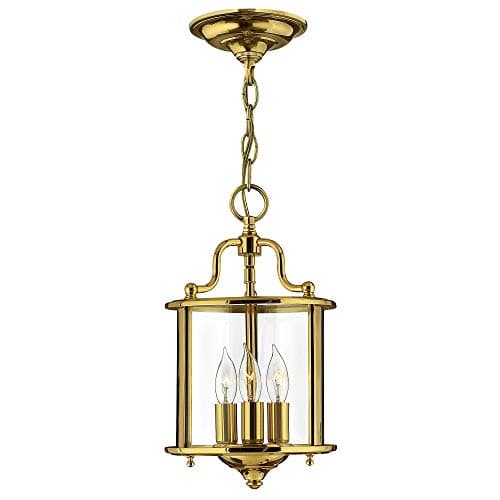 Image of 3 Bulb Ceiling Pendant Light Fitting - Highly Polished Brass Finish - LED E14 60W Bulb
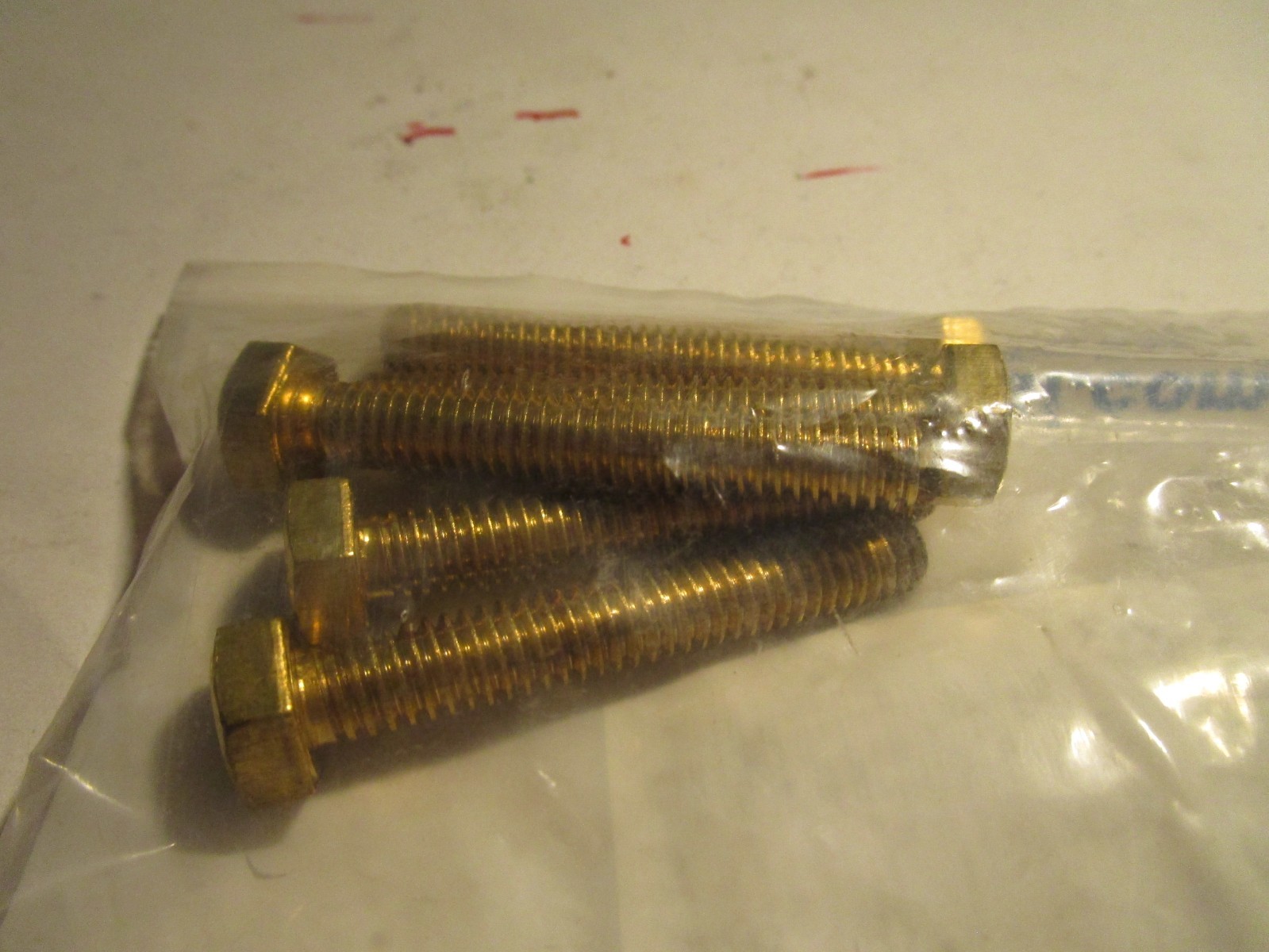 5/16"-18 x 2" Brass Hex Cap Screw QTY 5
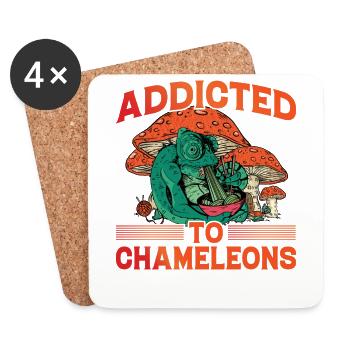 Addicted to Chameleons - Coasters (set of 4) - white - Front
---+---
(WORK REQUEST): Print the material in full and exactly; the pictures must not be printed.

(SOLUTION FOR THIS PROBLEM):
 Image of 3 Bulb Ceiling Pendant Light Fitting - Highly Polished Brass Finish - LED E14 60W Bulb
 5/16"-18 x 2" Brass Hex Cap Screw QTY 5
 Addicted to Chameleons - Coasters (set of 4) - white - Front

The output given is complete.